Gibraltar Cliffs vs Hardwick White
Gibraltar Cliffs (Benjamin Moore) and Hardwick White (Farrow & Ball) come from different manufacturers. Hue-wise, Gibraltar Cliffs belongs to the blue-grey family and Hardwick White to the greige-grey family. The 12-point LRV gap — 44 for Hardwick White vs 32 for Gibraltar Cliffs — means Hardwick White will open up a space more effectively. Where Gibraltar Cliffs leans blue, Hardwick White reads warm — a distinction that shifts noticeably depending on the light source and surrounding finishes. A ΔE of 13.7 puts these firmly in different territory — two distinct design choices rather than close alternatives. Below you'll find 3 real-room photo comparisons where both colors appear side by side, plus 5 simulated room previews.

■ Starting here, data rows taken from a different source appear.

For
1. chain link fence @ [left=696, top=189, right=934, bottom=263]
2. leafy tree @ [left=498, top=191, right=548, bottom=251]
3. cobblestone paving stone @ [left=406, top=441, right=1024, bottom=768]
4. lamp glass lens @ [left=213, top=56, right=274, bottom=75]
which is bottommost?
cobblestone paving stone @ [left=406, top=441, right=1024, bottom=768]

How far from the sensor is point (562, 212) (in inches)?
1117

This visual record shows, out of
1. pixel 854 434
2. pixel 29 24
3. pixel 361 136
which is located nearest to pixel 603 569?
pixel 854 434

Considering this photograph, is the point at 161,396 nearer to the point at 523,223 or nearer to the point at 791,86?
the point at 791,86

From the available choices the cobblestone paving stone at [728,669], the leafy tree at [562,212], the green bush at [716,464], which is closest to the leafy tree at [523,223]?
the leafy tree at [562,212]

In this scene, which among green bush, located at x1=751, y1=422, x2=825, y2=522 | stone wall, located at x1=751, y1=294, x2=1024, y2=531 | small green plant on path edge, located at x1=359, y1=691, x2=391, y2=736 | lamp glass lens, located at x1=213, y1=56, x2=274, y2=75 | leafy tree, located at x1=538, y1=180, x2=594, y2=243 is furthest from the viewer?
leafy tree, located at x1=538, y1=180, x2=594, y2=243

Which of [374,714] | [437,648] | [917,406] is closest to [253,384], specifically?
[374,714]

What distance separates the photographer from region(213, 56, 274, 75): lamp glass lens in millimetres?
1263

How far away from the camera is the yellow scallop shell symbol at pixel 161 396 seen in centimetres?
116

Gibraltar Cliffs vs Hardwick White in Real Spaces
3 real rooms side by side. Seeing Gibraltar Cliffs and Hardwick White in actual rooms makes the difference concrete; browse the spaces below to get a feel for how each color lives on a wall.
Living Room
A living room wall sees more varied light than almost any other surface in the house, which makes the choice between these two more nuanced than a chip suggests. Hardwick White reflects noticeably more light off the walls, making the space read more open than Gibraltar Cliffs.
Bedroom
Bedrooms are typically lit with warmer, lower light than the rest of the house — a condition that flatters warm tones and deepens cool ones. Hardwick White returns significantly more light to the room — in a smaller or darker space, that difference in perceived brightness is hard to miss.
Kitchen Cabinets
Cabinet color is always seen in context — against countertops, backsplash, and hardware — which amplifies undertone differences that might disappear on a plain wall. Hardwick White returns significantly more light to the room — in a smaller or darker space, that difference in perceived brightness is hard to miss.
Color Details
Gibraltar Cliffs vs Hardwick White Simulated Comparison
5 simulated room previews — drag the slider on each to see Gibraltar Cliffs on one side and Hardwick White on the other.
Digital color is approximate. These simulations are generated from the manufacturer's hex values and overlaid on grayscale room photos — your screen's calibration, brightness, and viewing angle all affect how they render. Before committing to either color, test physical samples in your own space under the light you actually live with.
More Gibraltar Cliffs comparisons
See how Gibraltar Cliffs stacks up against other well-photographed colors across different brands and tones.